Assignment: Restate verbatim the span of lines below between the line with "Huge Samsung tablet" and the line with "Cover image for In the Face of Adversity", including those two lines, and only that span.
════
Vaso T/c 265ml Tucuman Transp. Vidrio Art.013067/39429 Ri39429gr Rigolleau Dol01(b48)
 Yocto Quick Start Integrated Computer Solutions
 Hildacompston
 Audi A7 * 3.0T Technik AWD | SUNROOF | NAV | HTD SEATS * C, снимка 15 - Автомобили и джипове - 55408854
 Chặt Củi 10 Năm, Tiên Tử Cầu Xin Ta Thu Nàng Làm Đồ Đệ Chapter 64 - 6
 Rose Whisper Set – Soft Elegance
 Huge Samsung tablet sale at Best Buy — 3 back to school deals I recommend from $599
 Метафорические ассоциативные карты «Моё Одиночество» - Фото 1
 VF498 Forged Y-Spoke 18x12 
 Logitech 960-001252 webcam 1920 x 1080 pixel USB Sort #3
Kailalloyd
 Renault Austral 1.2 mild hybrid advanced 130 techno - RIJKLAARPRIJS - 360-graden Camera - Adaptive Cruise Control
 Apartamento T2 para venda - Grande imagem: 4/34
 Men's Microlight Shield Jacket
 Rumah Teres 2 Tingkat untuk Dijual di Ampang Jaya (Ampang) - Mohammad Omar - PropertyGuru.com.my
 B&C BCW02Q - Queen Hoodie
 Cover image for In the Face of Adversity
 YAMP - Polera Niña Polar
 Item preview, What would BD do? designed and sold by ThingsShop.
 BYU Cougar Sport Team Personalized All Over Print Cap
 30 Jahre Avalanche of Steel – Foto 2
════
Answer:
 Huge Samsung tablet sale at Best Buy — 3 back to school deals I recommend from $599
 Метафорические ассоциативные карты «Моё Одиночество» - Фото 1
 VF498 Forged Y-Spoke 18x12 
 Logitech 960-001252 webcam 1920 x 1080 pixel USB Sort #3
Kailalloyd
 Renault Austral 1.2 mild hybrid advanced 130 techno - RIJKLAARPRIJS - 360-graden Camera - Adaptive Cruise Control
 Apartamento T2 para venda - Grande imagem: 4/34
 Men's Microlight Shield Jacket
 Rumah Teres 2 Tingkat untuk Dijual di Ampang Jaya (Ampang) - Mohammad Omar - PropertyGuru.com.my
 B&C BCW02Q - Queen Hoodie
 Cover image for In the Face of Adversity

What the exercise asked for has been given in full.